The Marlins’ Jose Urena drilling the Braves’ Ronald Acuna on the elbow with the first pitch of Wednesday night’s game was clearly intentional and it was done because Acuna had hit home runs in five consecutive games and leadoff home runs in three straight. Four came against the Marlins.
That was the catalyst of the benches clearing and the ejections of Urena and Braves manager Brian Snitker. Immediately, the outrage began on social media eagerly followed by columnists and analysts staking out their positions of the propriety or lack thereof of Urena’s act complete with proposed penalties for Urena and Marlins manager Don Mattingly.

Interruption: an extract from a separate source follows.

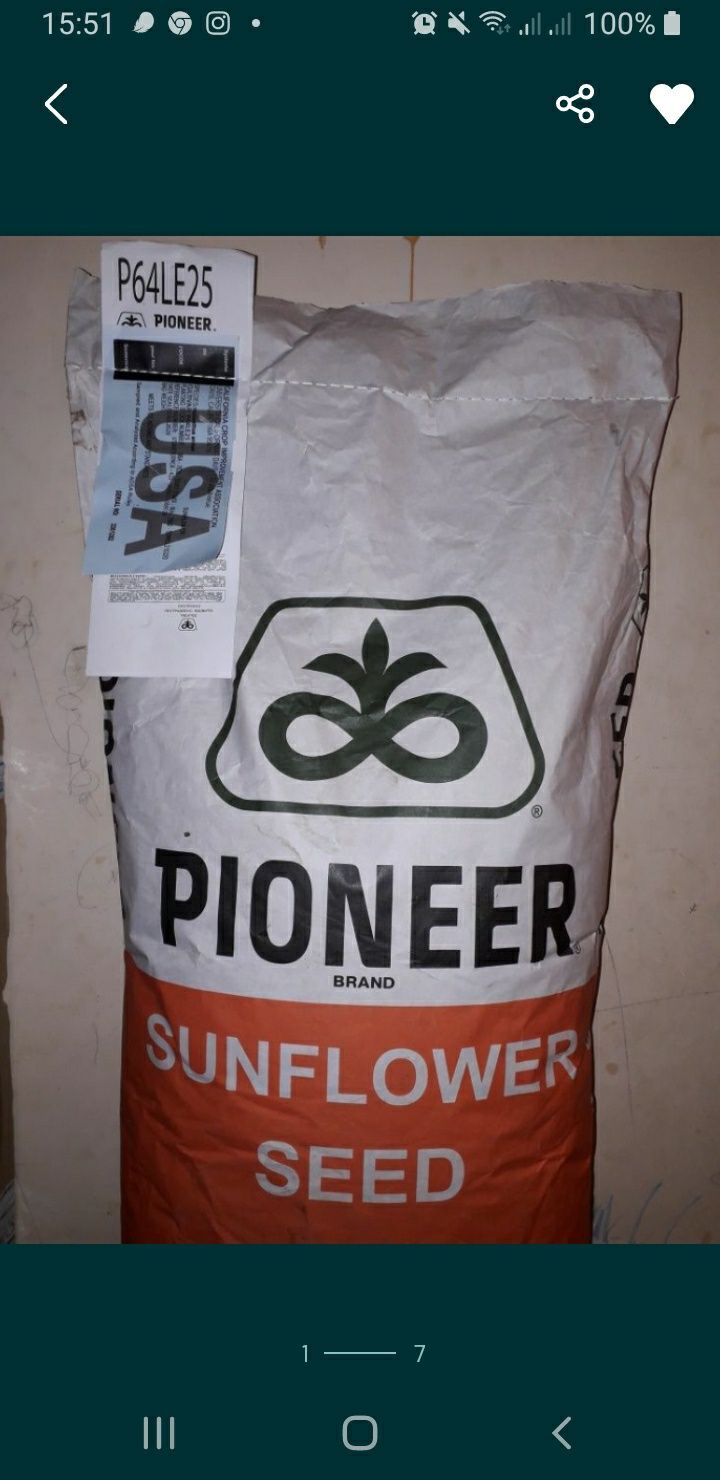 Семена подсолнечника  PIONEER.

Despite attempts to frame it as a matter of right and wrong, it is anything but that. It was a misapplication of how to handle these specific situations in a competitive atmosphere. The circumstances dictate how to do it properly.
The simple way to categorize what Urena did and why it was wrong is to point out the difference between retaliation and a message. Urena retaliated when he really should have sent message.
There’s a difference.
With retaliation, had there been an exchange of beanballs and pitchers throwing at hitters – for any reason – then, to put a stop to it or bring matters to a head by lighting the fire for a bench clearing brawl to get the bad blood out in the open, the pitcher should drill a hitter. Doing so is part of inside baseball competition that most non-playing analysts, observers and fans have about as much of a concept of as they would what it’s like to walk on the moon. There is a primordial, instinctive, animalistic nature to sports that cannot be transferred to a series of numbers or boardroom machination. The heat of competition will sometimes start a blaze. Anger, irrationality and that ingrained sensibility will take hold. Were the Marlins truly angry at a transgression no matter how legitimate or trivial – a bat flip; a slow trot around the bases; a hard slide; untoward comments directed at a player or the organization; a beanball war – then Urena’s method was appropriate, like it or not.
But that wasn’t the case. What Urena did was punish Acuna for doing well by hitting him on purpose. And that is blaming the opposing player for the Marlins’ faults in not being able to get him out.
To do what Urena should have done – send a message – there should have been a first pitch slider that was so far out of the strike zone that not even Vladimir Guerrero would have swung at it, much less hit it. The next pitch should have been a fastball that was so far inside that it was either going to get Acuna to move his feet or hit the dirt, but was not high and inside to the degree that there was the risk of him getting hit in the area above the neck.
That is not a “we suck and you’re killing us, therefore I’m gonna injure you” pitch. It is a strategic maneuver akin to a hard slide. It is part of the game. Sometimes, when a pitcher does this, the ball will get away from him and the batter will get hit. Provided it isn’t in the head, most professionals will understand that. Of course, some will get angry and react. So be it.
It must also be remembered that Urena is one of the rare pitchers in baseball today who is unafraid of pitching inside. He led the majors in hit batsmen in 2017 and is leading the National League in 2018. It’s part of his game.
The question of whether throwing at Acuna was part of a coordinated strategy from inside the Marlins clubhouse is where we get into the fog of allusion and plausible deniability. Internal discussions from postgame Tuesday to pregame meetings Wednesday were likely lamenting how comfortable Acuna was and that he needed to be made less so. That’s something that is spoken of among the players, sometimes with and sometimes without a winking nod from the coaches and manager. Pregame team meetings would not have openly said, “We need to pop this guy” as they might in a series with lingering tensions and the need to retaliate. As a preplanned decision to get him off the plate and break the lock of his current hot streak, there’s no doubt the Marlins decided to throw inside with a “we need to buzz this guy.”
Buzzing and drilling are on totally different sides of the spectrum. The Marlins just chose the wrong pitcher and the wrong way to do it.
It’s not old-school, grunting meatheadedness as some will reactively suggest. It’s a tactic. With tactics, whomever puts it into action is key. Like Urena, they might not be very adept at it and there is occasionally collateral damage. That, more than the act itself, is the problem.